Your instructions: Only the lines of the data below from the one with "中華英雄 - 第286卷 - 2" through the one with "第48话 荣归故里 第16页" are wanted. Repeat them exactly.

___ Dataset content

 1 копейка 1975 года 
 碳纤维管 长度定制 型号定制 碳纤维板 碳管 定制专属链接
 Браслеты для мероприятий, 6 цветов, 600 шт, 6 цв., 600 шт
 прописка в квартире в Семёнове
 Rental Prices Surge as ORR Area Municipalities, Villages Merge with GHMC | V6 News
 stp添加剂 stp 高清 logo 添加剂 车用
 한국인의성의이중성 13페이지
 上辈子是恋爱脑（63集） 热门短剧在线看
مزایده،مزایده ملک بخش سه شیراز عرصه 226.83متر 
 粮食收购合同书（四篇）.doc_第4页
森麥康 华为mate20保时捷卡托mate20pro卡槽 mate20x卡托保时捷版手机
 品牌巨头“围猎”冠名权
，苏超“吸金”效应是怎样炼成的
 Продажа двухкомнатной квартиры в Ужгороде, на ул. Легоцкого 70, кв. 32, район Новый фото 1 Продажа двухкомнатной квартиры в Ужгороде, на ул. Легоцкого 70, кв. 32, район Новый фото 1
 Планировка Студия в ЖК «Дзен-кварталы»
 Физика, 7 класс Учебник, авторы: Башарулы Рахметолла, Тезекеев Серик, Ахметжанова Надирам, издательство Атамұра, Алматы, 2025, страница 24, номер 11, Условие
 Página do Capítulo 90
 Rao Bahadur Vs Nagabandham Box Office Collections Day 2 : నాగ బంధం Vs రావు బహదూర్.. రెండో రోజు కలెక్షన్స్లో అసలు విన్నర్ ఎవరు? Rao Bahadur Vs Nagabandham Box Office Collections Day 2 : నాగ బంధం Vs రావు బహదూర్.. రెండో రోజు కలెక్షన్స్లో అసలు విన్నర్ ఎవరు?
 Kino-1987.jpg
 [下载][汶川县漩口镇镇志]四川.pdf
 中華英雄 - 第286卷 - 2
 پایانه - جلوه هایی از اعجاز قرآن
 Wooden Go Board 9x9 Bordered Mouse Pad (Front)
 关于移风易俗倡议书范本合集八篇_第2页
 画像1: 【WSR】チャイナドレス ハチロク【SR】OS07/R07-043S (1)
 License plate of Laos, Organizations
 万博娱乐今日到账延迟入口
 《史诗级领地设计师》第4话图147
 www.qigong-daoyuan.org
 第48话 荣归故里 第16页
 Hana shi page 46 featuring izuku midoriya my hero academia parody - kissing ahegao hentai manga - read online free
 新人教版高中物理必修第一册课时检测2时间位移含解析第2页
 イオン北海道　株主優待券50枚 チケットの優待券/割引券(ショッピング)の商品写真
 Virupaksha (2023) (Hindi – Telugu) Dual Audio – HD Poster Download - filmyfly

______

Answer to this problem:
 中華英雄 - 第286卷 - 2
 پایانه - جلوه هایی از اعجاز قرآن
 Wooden Go Board 9x9 Bordered Mouse Pad (Front)
 关于移风易俗倡议书范本合集八篇_第2页
 画像1: 【WSR】チャイナドレス ハチロク【SR】OS07/R07-043S (1)
 License plate of Laos, Organizations
 万博娱乐今日到账延迟入口
 《史诗级领地设计师》第4话图147
 www.qigong-daoyuan.org
 第48话 荣归故里 第16页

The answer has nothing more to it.